Can’t we just agree that this batter concoction is simply toad-in-the-hole that has been deprived of its rightful sausage? Originally it was an aid to economising, served as a first course with gravy, to fill people up so they weren’t so hungry for the pricey meat that followed.
This echo of hard times up North does not really fit in these days with the comfortable setting of a middle-class Sunday lunch.
There is, of course, a great mystique about the precise recipe for the batter, a game of one-upmanship and an argument about whose Yorkshire pudding was more authentic.
I admit it can be fun to pour gravy into the sunken crater in the middle-but we must act our age and put away childish things like this.
The Yorkshire pudding has turned into a showpiece. How high can you make it rise? It must stand proud on the plate, a unique combination of the brittle and the soggy. (In fact it probably came from the supermarket freezer rather than from a recipe handed down through generations of Cleckheaton grannies.)

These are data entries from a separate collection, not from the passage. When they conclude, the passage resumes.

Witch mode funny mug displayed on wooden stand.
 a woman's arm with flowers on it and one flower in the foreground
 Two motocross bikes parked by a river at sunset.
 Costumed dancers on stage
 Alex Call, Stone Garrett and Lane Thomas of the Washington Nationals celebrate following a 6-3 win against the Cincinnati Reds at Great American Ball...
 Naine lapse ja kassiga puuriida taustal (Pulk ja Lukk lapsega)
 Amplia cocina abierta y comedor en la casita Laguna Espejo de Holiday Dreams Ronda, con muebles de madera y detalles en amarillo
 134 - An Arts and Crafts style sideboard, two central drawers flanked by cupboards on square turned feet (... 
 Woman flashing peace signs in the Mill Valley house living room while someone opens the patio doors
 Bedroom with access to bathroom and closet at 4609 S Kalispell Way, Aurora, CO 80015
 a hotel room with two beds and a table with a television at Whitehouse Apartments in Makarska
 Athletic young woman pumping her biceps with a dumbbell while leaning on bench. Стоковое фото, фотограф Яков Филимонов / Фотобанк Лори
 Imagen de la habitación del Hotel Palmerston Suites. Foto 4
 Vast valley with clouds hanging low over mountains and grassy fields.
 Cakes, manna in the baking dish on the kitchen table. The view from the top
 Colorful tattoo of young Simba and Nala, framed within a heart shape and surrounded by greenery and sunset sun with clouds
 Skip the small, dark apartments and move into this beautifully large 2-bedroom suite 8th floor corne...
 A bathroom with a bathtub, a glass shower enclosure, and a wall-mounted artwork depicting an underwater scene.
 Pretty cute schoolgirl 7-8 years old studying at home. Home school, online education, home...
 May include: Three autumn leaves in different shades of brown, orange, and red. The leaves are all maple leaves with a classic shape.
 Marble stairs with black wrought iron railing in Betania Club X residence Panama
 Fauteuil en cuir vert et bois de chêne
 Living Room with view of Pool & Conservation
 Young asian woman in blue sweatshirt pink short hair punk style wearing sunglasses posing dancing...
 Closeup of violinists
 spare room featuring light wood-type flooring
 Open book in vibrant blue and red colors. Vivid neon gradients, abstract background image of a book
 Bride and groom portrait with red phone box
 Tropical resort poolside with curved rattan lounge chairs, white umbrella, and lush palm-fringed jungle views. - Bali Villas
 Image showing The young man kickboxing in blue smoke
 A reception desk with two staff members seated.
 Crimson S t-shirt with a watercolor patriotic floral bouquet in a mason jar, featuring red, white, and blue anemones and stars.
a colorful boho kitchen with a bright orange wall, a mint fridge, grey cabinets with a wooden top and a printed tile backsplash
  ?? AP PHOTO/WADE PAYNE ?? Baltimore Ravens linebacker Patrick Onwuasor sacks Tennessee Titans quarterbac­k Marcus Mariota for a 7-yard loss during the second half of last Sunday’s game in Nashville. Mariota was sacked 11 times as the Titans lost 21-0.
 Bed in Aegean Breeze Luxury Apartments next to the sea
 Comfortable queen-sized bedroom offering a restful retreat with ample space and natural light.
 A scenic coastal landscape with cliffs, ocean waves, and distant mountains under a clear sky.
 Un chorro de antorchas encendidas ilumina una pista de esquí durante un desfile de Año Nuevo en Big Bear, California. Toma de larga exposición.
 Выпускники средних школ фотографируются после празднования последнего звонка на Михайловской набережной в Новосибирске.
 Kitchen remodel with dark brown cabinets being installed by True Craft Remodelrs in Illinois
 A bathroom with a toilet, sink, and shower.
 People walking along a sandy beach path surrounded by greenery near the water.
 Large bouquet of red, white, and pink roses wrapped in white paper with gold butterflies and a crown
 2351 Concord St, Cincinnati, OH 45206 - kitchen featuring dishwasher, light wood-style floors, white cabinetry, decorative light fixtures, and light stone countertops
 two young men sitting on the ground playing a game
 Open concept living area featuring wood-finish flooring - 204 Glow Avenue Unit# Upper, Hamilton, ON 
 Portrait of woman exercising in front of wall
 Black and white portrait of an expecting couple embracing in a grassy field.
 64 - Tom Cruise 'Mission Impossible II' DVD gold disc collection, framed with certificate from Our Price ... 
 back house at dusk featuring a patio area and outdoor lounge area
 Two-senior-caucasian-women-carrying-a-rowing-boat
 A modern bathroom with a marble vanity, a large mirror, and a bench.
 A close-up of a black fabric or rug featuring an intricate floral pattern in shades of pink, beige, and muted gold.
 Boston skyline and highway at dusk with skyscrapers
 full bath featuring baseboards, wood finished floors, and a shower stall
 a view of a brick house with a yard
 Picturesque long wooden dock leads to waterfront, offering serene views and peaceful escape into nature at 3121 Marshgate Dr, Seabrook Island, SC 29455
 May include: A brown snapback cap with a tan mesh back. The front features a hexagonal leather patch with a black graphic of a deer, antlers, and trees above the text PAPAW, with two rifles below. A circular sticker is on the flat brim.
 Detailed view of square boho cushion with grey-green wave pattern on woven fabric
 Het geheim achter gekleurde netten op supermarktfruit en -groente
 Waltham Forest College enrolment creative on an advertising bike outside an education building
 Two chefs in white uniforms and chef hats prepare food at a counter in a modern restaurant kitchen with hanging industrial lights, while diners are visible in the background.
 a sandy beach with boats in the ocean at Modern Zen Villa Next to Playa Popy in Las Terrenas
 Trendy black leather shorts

Worst of all, this dish has been taken hostage by the purveyors of the “traditional Sunday roast”. Pubs dish up monstrous , teetering towers of roasted batter, like stunted Pisas. The two veg, the sickly potatoes and the meat cower at their base. It dominates! - It comes with everything - beef, lamb, pork and chicken. The whole of Yorkshire must surely wince.
The pub landlord knows that it is, at least, fulfilling its function of dulling the appetite, deceiving us customers into feeling satisfied. So it’s good for profits. As they say, back at the brewery, where there’s batter, there’s brass!